Spanish actress and singer

Yolanda del Prado Pascual Berrocal (born 15 September 1970), better known as Yola Berrocal, is a Spanish media personality who has worked as a dancer, singer and actress.

==Biography==
The daughter of mining engineer Manuel Pascual and decorator María del Rosario Berrocal, Yola Berrocal grew up in Pozuelo de Alarcón in Madrid, and studied Dramatic Art. Her first appearance on television was in 1994 on the show ¿Cómo lo veis? presented by Joaquín Prat, where she went with her family as a contestant. In 1997 she appeared as a dancer on the José Luis Moreno program Risas y estrellas.

After proclaiming herself to be the girlfriend of Padre Apeles, who was then the center of interest of the telebasura, she appeared on the cover of Interviú magazine in March 1998. In 2001, she formed the musical group Sex Bomb along with Malena Gracia and Sonia Monroy. In 2003 she participated in the Telecinco reality show Hotel Glam and won. She is frequently featured in gossip magazines. She has undergone several breast augmentation operations.

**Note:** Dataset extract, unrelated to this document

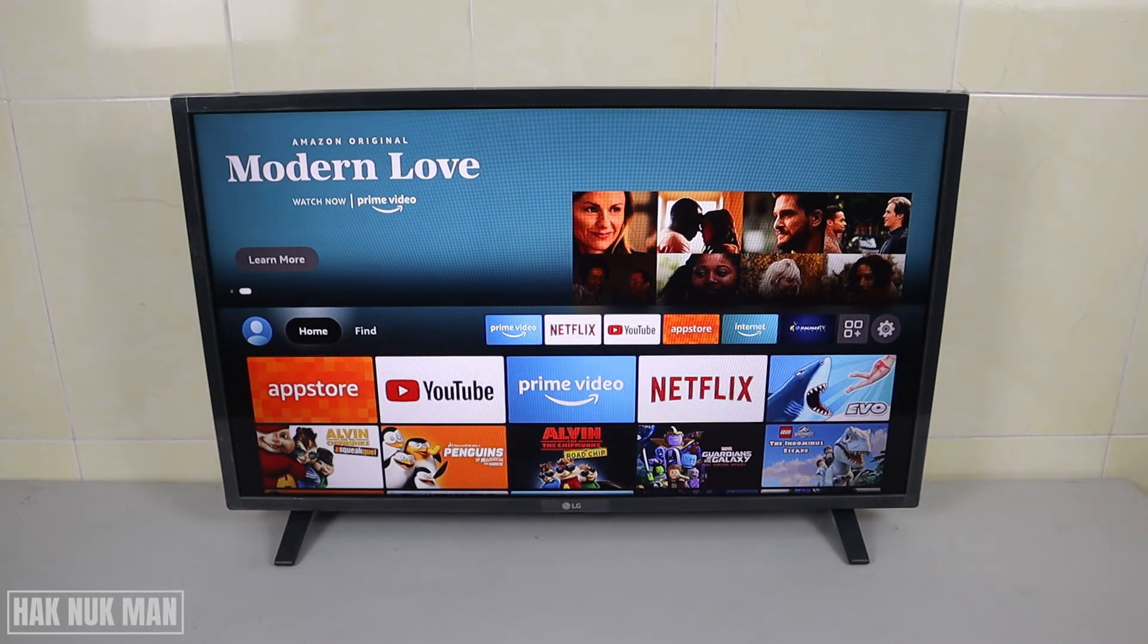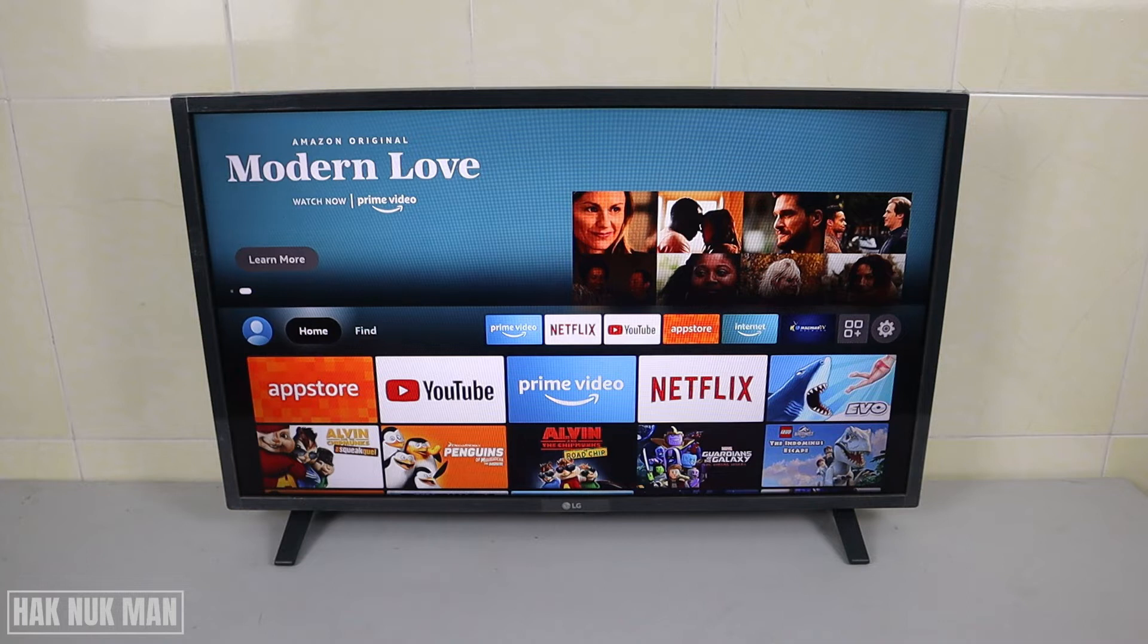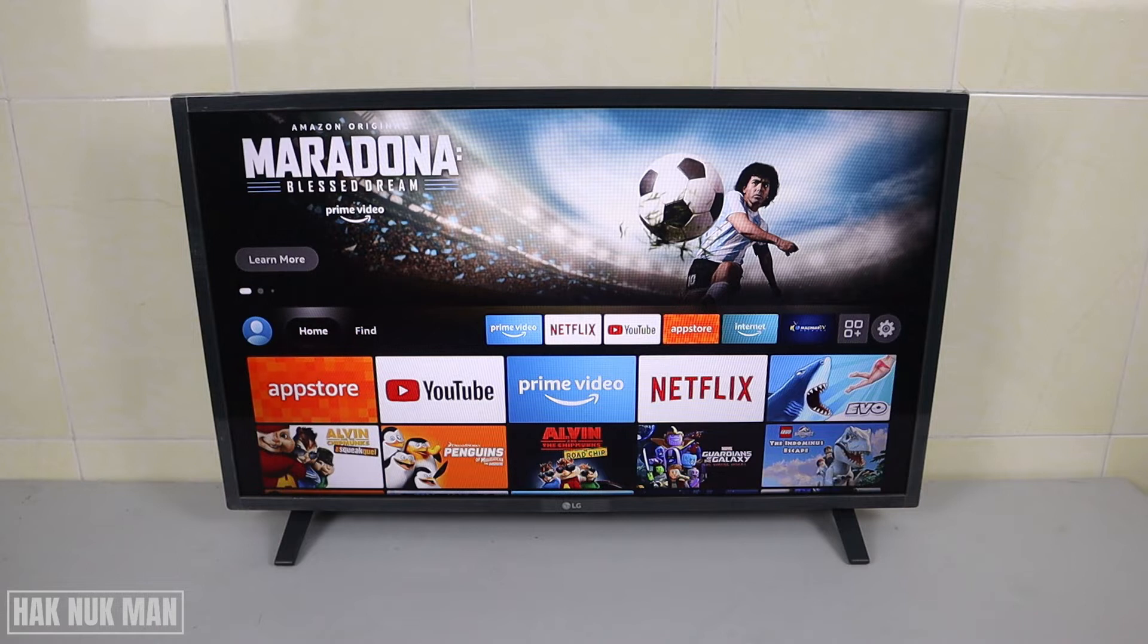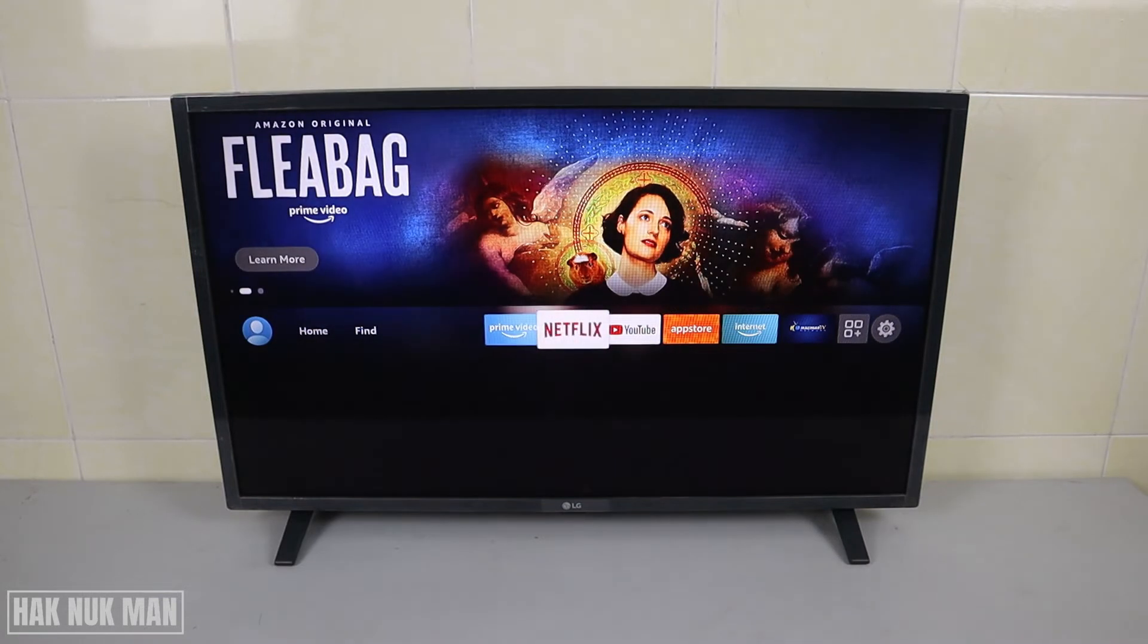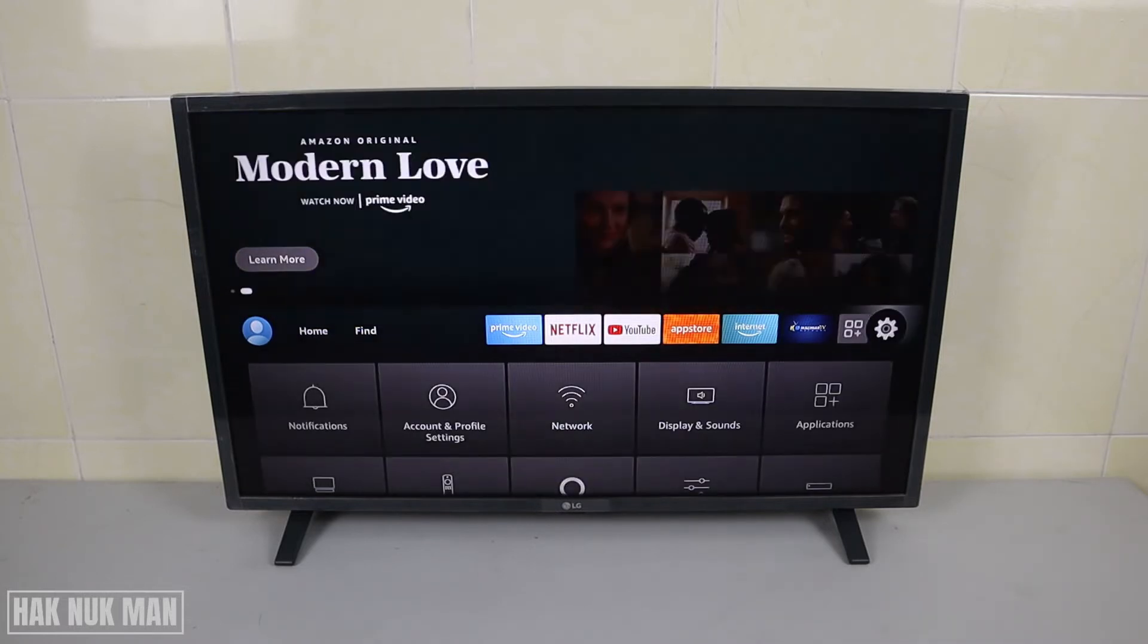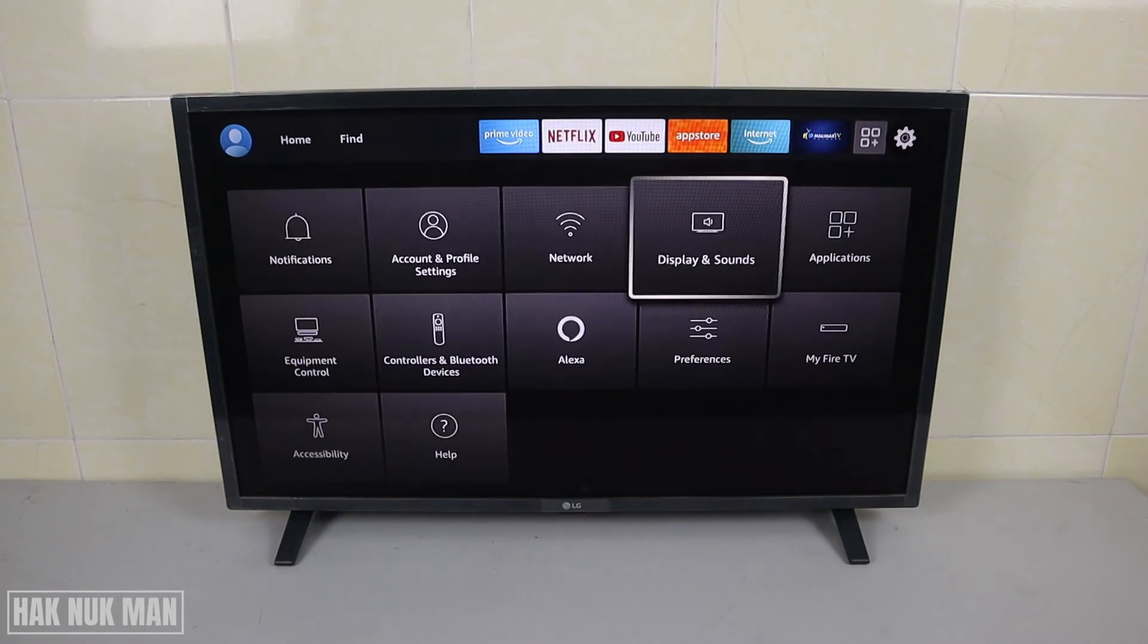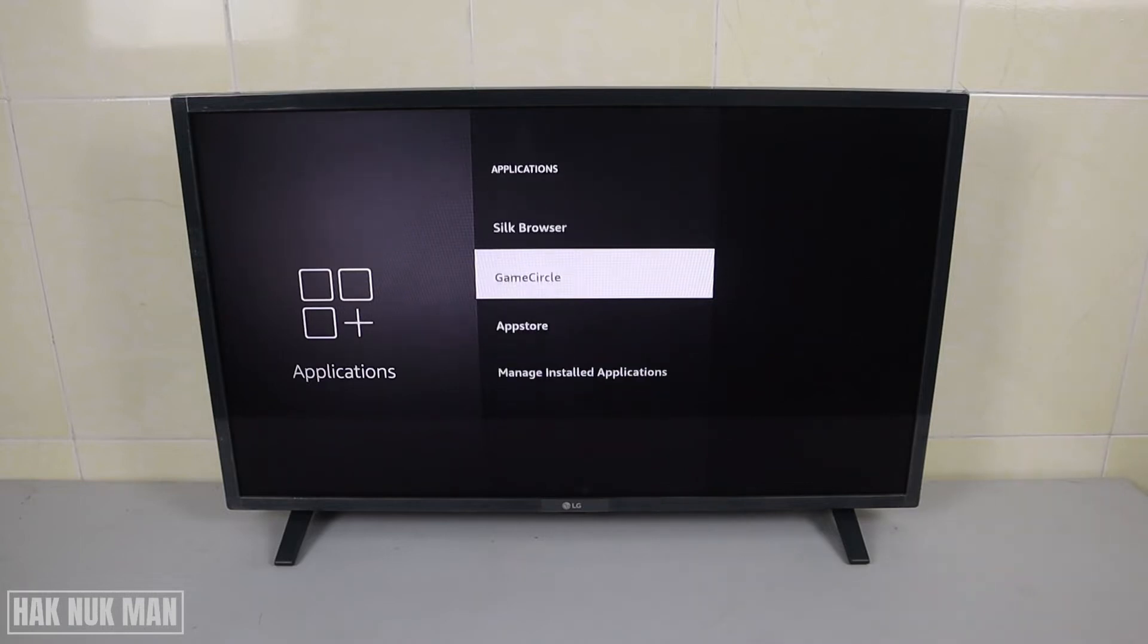Okay, good evening everyone. In today's video I'm going to show you a solution for how you can solve your Amazon Fire TV Stick when some applications are not working. To check that, first of all you need to go to the settings here and then just press down to find the Applications menu.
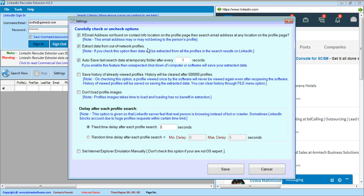You can check this option if you want to extract data from out-of-network profiles. If you want to save your last search so you can reload it later, check the save option. You can also set the number of records after which the software will save the search — for example, if set to one, the software saves the record to a temporary file after each record.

In February 2006, Berrocal again appeared on the cover of Interviú, with the headline "I am going to put big tits in fashion in Spain." In the summer of that year she presented herself as a candidate for the mayorship of Marbella, creating the Yola Independiente Liberal (YIL) party, with the slogan "Marbella, because Yola is worth it." Santiago Segura hired her in 2007 to work as a contributor to his program Sabías a lo que venías on LaSexta, where once a week she gave her personal opinion about books that she had previously read. She appeared on Sálvame in June 2009.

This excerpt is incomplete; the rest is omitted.